The Volokh Conspiracy recalls a list of tactics promulgated by the OSS for use by allied agents in positions of responsibility inside Nazi Germany — the name of the game, apparently, was to maximize damage while maintaining your cover, by using feigned incompetence and stalling to generate the kinds of failures that are equally attributable to either malice, or just forgivable incompetence.
Clever, but these tactics should all strike a more familiar and menacing chord. They might as well be copied out of the playbook of the Republican opposition, the one they’ve been running day in and day out since January 20, 2009. Examples:
- (3) When possible, refer all matters to committees, for “further study and consideration.” Attempt to make the committees as large as possible–never less than five.
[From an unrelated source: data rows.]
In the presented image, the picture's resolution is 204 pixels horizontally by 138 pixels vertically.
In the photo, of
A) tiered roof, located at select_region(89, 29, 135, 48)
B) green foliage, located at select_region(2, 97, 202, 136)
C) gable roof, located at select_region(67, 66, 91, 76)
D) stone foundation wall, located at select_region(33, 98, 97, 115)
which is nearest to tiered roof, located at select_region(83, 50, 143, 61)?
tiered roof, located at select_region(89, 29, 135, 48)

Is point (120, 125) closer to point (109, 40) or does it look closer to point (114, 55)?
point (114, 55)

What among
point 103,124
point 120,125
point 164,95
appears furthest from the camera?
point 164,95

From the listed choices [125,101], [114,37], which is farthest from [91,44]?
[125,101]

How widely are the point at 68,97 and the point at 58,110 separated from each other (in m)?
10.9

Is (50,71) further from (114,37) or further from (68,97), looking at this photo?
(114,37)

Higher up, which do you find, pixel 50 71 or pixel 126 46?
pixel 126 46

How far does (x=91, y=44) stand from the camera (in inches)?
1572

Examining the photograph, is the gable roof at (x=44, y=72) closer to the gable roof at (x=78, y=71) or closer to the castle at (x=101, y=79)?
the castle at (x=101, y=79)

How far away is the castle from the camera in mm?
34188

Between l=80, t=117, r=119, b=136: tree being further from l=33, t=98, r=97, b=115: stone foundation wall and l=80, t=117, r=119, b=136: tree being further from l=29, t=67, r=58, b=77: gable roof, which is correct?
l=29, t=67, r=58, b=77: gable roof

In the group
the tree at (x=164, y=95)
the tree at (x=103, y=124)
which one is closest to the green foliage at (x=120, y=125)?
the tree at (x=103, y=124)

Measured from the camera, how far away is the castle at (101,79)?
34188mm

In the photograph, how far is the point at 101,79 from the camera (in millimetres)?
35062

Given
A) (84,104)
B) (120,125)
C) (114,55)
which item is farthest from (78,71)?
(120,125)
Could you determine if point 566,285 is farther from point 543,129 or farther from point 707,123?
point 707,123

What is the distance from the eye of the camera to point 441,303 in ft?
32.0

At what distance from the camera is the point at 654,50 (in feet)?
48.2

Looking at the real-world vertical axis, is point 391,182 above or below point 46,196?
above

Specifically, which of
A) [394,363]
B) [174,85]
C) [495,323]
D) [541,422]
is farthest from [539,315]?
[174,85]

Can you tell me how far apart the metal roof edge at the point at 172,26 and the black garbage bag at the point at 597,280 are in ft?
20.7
- (4) Bring up irrelevant issues as frequently as possible.
- Is President Obama a citizen?
- Is he a socialist? Is he patriotic?
- Does he use the phrase “Islamic fundamentalism,” or other buzzwords, enough?
- Is any attempt to tinker with financial policy a tax hike?
- Will health care reform (somehow) lead to euthanasia?
- The list goes on — and includes the acknowledged practice of filing frivolous amendments to upset a delicate consensus.
- (7) Advocate “caution.” Be “reasonable” and urge your fellow-conferees to be “reasonable” and avoid haste which might result in embarrassments or difficulties later on.
- (8) Be worried about the propriety of any decision–raise the question of whether such action as is contemplated lies within the jurisdiction of the group or whether it might conflict with the policy of some higher echelon.
- Has the Republican caucus ever not raised a constitutional objection to a major policy decision?
- Politicians should make such objections — but only when they have a good faith basis for it, the kind that’s lacking in, say, the health care reform “litigation.”
Quintus Fabius Maximus Cunctator they are not, but the Republican Party knows what they’re doing.